Minggu, 19 Januari 2014

Urusan Tunda Menunda



Tulisan ini terinspirasi dari website siakad yang pada salah satu kolom isian nilai berisi tulisan TUNDA. Lalu juga terinspirasi oleh beberapa pengalaman baik penulis maupun teman-teman penulis yang selalu berurusan dengan tunda-menunda. Ketika urusan tunda menunda ini menjadi sebuah kebiasaan maka hidup kita bisa menjadi tak terarah.

Sebuah penyakit bernama tunda


“tunggu ya, udah dijalan nih 10 menit lagi sampe sana” ucap seorang teman yang masih baru bangun tidur dengan wajah lesu dan kantung mata yg tebal akibat begadang semalam suntuk.

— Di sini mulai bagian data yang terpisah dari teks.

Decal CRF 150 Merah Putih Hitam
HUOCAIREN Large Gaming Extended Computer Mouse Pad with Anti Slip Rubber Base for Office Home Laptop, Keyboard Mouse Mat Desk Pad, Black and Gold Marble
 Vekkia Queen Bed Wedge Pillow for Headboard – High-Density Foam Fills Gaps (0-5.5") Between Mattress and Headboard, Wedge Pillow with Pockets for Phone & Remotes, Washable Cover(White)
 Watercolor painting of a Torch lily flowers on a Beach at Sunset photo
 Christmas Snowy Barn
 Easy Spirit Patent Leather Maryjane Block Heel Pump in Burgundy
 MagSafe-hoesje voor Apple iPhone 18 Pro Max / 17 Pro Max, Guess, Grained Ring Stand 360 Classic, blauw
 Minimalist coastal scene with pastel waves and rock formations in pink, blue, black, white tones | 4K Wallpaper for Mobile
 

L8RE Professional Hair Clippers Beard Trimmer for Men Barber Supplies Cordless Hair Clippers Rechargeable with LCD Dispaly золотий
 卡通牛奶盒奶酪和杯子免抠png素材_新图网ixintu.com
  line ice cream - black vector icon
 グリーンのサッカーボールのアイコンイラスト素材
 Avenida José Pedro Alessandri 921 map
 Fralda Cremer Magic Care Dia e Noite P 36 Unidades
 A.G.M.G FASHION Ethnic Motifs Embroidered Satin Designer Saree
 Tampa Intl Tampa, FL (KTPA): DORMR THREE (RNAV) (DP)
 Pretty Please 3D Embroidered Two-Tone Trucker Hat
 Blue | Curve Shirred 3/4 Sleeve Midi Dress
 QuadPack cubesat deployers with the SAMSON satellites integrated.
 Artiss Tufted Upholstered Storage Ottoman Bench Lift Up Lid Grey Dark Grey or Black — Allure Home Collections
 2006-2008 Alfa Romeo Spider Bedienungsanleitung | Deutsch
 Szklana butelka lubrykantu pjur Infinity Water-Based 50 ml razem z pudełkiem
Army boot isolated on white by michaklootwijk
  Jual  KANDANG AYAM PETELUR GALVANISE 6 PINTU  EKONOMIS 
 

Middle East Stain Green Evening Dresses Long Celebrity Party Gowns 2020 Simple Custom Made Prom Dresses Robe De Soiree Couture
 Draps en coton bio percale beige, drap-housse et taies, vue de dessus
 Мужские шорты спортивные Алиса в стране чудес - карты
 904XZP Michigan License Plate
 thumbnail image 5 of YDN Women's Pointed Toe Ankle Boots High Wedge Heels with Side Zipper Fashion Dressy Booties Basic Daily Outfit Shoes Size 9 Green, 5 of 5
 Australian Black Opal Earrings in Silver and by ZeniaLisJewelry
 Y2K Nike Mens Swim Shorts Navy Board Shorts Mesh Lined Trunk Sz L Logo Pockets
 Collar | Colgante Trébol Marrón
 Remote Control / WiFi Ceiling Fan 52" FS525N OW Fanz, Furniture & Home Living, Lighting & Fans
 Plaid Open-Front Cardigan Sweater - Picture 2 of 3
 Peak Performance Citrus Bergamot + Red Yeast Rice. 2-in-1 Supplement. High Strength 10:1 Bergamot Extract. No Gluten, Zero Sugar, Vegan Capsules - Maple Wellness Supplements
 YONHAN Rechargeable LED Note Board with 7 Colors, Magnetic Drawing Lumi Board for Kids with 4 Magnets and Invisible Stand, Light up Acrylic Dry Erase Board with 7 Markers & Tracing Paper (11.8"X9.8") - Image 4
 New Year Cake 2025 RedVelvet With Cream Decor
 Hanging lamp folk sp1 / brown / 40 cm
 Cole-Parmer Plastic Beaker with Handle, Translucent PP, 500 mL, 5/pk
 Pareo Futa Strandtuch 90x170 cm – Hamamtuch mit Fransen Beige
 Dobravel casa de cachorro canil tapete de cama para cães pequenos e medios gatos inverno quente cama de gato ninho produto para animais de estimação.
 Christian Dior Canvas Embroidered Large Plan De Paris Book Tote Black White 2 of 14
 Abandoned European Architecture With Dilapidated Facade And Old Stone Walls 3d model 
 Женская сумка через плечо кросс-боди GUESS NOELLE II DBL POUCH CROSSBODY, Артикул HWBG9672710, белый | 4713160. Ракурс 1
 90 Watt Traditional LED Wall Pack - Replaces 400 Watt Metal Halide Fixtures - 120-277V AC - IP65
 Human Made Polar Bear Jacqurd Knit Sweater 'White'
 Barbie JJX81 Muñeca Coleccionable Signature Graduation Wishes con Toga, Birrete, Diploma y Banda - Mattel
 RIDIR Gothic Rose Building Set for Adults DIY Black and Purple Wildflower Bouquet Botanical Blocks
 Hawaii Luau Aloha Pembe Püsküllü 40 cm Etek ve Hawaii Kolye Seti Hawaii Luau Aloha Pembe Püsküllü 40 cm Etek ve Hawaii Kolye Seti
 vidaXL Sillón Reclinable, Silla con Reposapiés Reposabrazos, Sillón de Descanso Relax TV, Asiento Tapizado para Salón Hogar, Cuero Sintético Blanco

Sebetulnya sebuah hal simpel dalam urusan tunda menunda terutama bagi masyarakat Indonesia ini. disekitar kita sering dijumpai bahkan kita sendiri mungkin pernah melakukan hal seperti ini.

Bukan keterbatasan waktu yang menjadi masalah dan bukan juga keterbatasan fisik yang menjadi akar utama masalah dalam urusan tunda menunda ini. padahal raga dan waktu yang cukup sudah siap menunjang kita dalam beraktifitas sehari-hari sehingga tidak mungkin kita bisa menunda sesuatu. akan tetapi kemalasan mungkin yang menjadi penyebab utama.

Apapun yang bisa kita tunda pasti akan kita tunda, entah itu tugas, mandi, janji, makan, bahkan beribadahpun masih saja bisa kita tunda. Dan penyakit bernama tunda ini tidak hanya menyerang orang-orang dewasa, akan tetapi remaja sampai anak kecilpun sudah terbiasa untuk menunda-nunda sesuatu.

Dan hasilnya jelas bisa kita lihat, produktivitas berkurang, hasil yang didapatpun berkurang. Kalaupun produktivitas dan hasilnya tetap ataupun lebih baik belum tentu menjamin menunda itu lebih baik, walaupun terkadang aktivitas menunda ini ada pula yang baik.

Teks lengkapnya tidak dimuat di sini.